__Exercise instructions__. Look through the records below for lines containing the string "dark", and report how many there are, nothing else.

= = =

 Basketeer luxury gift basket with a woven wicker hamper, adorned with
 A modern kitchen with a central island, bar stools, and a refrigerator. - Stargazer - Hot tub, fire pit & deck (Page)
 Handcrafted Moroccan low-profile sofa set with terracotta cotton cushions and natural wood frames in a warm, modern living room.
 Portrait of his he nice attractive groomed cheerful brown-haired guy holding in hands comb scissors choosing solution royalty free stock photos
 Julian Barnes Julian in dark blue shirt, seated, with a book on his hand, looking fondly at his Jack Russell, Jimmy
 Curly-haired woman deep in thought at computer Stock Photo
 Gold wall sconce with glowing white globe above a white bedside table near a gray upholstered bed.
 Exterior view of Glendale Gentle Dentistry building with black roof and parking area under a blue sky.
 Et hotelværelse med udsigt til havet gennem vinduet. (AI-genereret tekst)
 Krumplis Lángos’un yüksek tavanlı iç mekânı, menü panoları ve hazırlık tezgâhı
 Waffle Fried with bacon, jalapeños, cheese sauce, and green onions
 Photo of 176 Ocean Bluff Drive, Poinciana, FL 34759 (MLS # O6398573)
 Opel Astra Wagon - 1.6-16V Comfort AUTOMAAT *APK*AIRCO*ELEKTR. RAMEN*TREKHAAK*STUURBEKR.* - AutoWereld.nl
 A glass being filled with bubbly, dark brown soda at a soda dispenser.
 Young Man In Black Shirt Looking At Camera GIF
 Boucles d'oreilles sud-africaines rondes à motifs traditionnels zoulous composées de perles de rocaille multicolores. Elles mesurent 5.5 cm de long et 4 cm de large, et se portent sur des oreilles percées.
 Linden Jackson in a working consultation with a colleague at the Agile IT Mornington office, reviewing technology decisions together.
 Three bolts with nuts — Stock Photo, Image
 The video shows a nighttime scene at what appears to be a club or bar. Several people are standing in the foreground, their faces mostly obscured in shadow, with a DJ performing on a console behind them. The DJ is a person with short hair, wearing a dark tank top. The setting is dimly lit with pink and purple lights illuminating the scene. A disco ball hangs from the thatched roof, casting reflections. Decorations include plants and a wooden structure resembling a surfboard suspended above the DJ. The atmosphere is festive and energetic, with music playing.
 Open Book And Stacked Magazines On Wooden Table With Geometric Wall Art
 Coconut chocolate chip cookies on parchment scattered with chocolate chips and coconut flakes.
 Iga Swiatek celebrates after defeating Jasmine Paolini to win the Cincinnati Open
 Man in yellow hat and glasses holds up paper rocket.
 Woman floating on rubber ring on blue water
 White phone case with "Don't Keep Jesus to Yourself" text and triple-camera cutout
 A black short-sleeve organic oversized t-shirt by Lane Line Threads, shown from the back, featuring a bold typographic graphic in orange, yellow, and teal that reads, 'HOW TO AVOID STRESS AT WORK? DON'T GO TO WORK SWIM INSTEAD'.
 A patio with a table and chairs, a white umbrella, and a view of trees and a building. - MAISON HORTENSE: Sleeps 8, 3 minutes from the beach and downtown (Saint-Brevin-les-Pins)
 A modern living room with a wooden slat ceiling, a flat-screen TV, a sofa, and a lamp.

= = =

__Response for this exercise__. 3